MADISON - Terms like “almond milk,” “soy cheese” and “walnut burger” would be banned under legislation Republican state lawmakers are pursuing.

“Walk into most grocery stores and the 2 percent milk will be sitting next to soy milk and almond milk,” Republican Sen. Howard Marklein of Spring Green said Thursday at a public hearing on the bills he’s sponsoring.

He noted plant-based Impossible Burgers often are listed on the burger section of restaurant menus.

“This is not right,” he said.

The measures are meant to help struggling Wisconsin farmers, particularly dairy farmers who have seen a wave of bankruptcies amid low prices and trade wars. Dairy farmers have long contended alternative beverages have cut into their sales.

But even if the legislation becomes law, dairy farmers would not immediately get what they want. The ban on labels such as “rice milk” and “soy cheese” would take effect only if 10 other states adopted similar legislation.

The push comes amid a similar national effort. Democratic U.S. Sen. Tammy Baldwin of Wisconsin has backed federal legislation on the issue and U.S. Agriculture Secretary Sonny Perdue at a stop in Madison this month expressed sympathy for banning such terms.

Senate Bill 466 would ban labeling or selling a beverage as milk unless it came from cows, goats or certain other animals. The ban would take effect only if 10 of 15 states mentioned in the bill had approved similar bans by 2031.

 That provision was included to try to make sure the legislation is in keeping with the U.S. Constitution’s commerce clause, which leaves the regulation of interstate business activity to Congress, not states.

The states that would have to pass similar bans are mostly in the Midwest. They are: Illinois, Indiana, Iowa, Kentucky, Maryland, Michigan, Minnesota, Missouri, North Dakota, North Carolina, Ohio, South Dakota, Tennessee, Virginia and West Virginia.

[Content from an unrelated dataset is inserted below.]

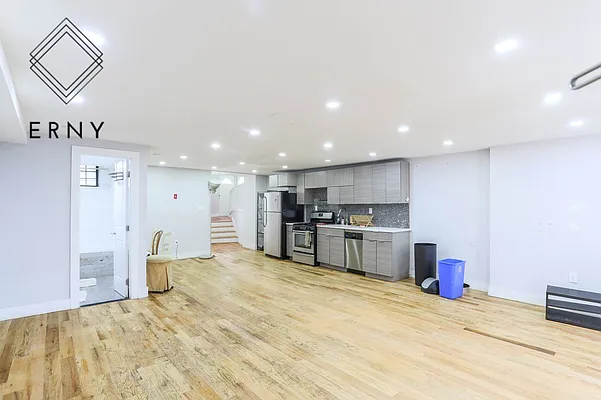 Rented by ERNY LLC | media 1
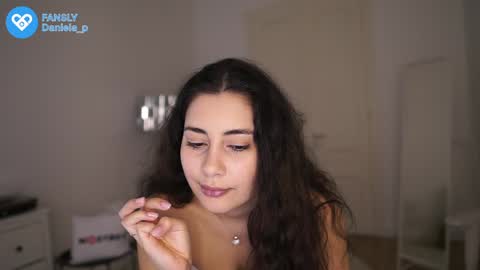 Daniela online show from 12/29/24, 03:46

Similarly, Senate Bill 463 would ban labeling or selling a product as cream, yogurt or cheese unless it included dairy. That measure would also take effect only if 10 other states put in place similar bans, under an amendment to the legislation backed by the bill’s authors.

Senate Bill 464 would ban labeling or selling a product as meat, bacon or similar term unless it included the flesh of an animal. That legislation does not include a requirement that other states adopt similar bans because 11 other states have already done so, according to Marklein and other backers.  

Under the bills, those who sold products as “soy milk," “soy bacon” or the like could be fined $100 to $1,000 and jailed for up to nine months for a first offense. Sen. Chris Larson, a Democrat from Milwaukee, called such punishments too severe for “a new crime of having a grocer putting almond milk on the shelf.”

“That’s something people should be locked away for?” he asked at the public hearing.

Responded Marklein: “There’s got to be teeth in it or otherwise it’s just a piece of paper.”

To become law, the legislation would need to be approved by the Republican-controlled Legislature and Democratic Gov. Tony Evers.

Senate Majority Leader Scott Fitzgerald, R-Juneau, said he liked what he's heard about the bill but wants to talk to Marklein about it. 

"I would support the dairy industry a hundred percent and if this bill would have an effect on supporting Wisconsin's dairy industry, it would be great," Fitzgerald told reporters. "It sounds like a good idea to me."